La personne concernée soupçonnait cette société de fournir à ses clients des informations inexactes la concernant, elle en tant que gérant et sa société. Pour cette raison ce gérant a adressé à cette agence la demande suivante :

La société avait refusé de faire droit à sa demande entièrement. Elle ne lui fournit qu’une liste sommaire de toutes les données personnelles le concernant et qui faisaient l’objet d’un traitement. Cette liste incluait : nom, courriel, numéro de téléphone, date de naissance, adresse postale, etc. sans préciser le contexte du traitement des données. Il s’agissait uniquement d’une description des données traitées.

II) La définition de la notion de “copie des données personnelles”.

Dans cette affaire, le requérant considérait que son droit d’accès avait une étendue très large et devait lui permettre d’accéder à l’ensemble des documents qui contenaient ses données personnelles. L’autorité nationale avait refusé sa demande et ensuite la Cour Fédérale administrative a formulé la question préjudicielle suivante devant la CJUE :

Pour répondre à la première question, la CJUE considère que même si le RGPD ne prévoit pas une définition précise du terme “copie”, la définition usuelle de ce terme doit être acceptée.

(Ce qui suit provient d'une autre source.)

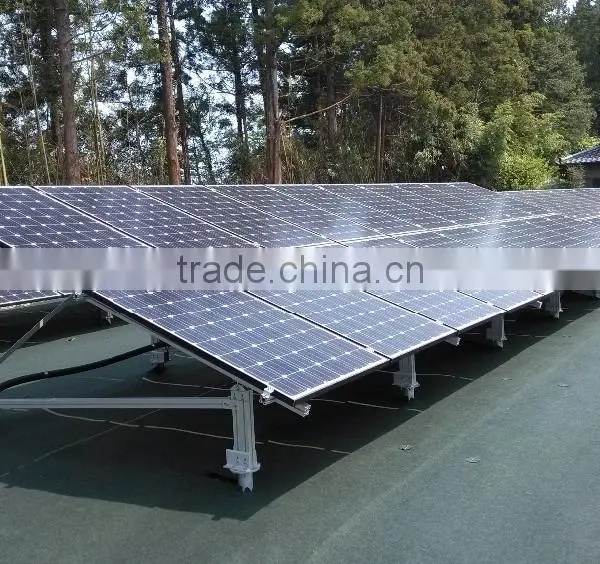 Clear Silver Anodized Aluminum Roof Mount Solar Panel photo-2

Ainsi, une copie devrait être la reproduction ou la transcription fidèle d’un original. Elle ne saurait être une description générale, un sommaire ou une liste des catégories de données à caractère personnel. La cour tranche en faveur des personnes concernées en estimant qu’elles ont un droit à recevoir une copie littérale des données originelles. Une description de ces données n’est pas une copie au sens du RGPD.

Pour répondre à la seconde question, la cour considère que les termes “information” et données à caractère personnel ne se limitent pas aux données collectées et sauvegardées. Ces deux termes englobent toute l’information qui résulte du traitement des données, en l’espèce les renseignements commerciaux ou de solvabilité. C’est une interprétation souple de la notion très large de données à caractère personnel qui émane du RGPD.

III) L’étendue du droit d’accès.

Uniquement lorsque les personnes concernées ont un accès très large aux données personnelles, elles sont en mesure de vérifier si elles sont traitées d’une manière appropriée. Ceci veut dire que ces personnes doivent être informées à propos du contexte et les extraits de bases de données ou de documents où leurs données sont mentionnées.

Ce droit d’accès permet aux personnes concernées d’exercer leurs autres droits reconnus par le RGPD comme le droit à l’oubli ou le droit de rectification.

La Cour rappelle que :

Le principe de traitement loyal et transparent exige que la personne concernée soit informée de l’existence de l’opération de traitement et de ses finalités”.

Il est nécessaire pour le responsable du traitement des données de les informer aussi à propos du contexte et des circonstances spécifiques du traitement des données.

Ceci est indispensable dans des cas où les données sont générées à partir d’autres données (ex. Rapport de solvabilité).

Toutefois, il peut y avoir des cas exceptionnels où le responsable du traitement pourrait refuser la communication de ce contenu complémentaire. Ces exceptions sont limitées aux cas où le responsable pourrait démontrer que la communication ou le partage de certaines informations complémentaires porterait une atteinte disproportionnée aux droits fondamentaux d’autrui, notamment de sa société.

Dans cette affaire, le requérant avait besoin de recevoir plus qu’une simple liste des données traitées par le responsable afin de comprendre l’étendue de l’information sur sa solvabilité qui était communiquée aux tiers, clients du responsable du traitement des données. Pour connaître les informations le concernant qui étaient traitées l’agence, celle-ci devait rectifier et lui envoyer tous les extraits de documents qui faisaient mention de ses données à caractère personnel.

Les sociétés qui reçoivent des demandes de fourniture d’une copie des données à caractère personnel doivent au cas par cas tenter de fournir le plus grand nombre d’informations relatives au traitement de ces données.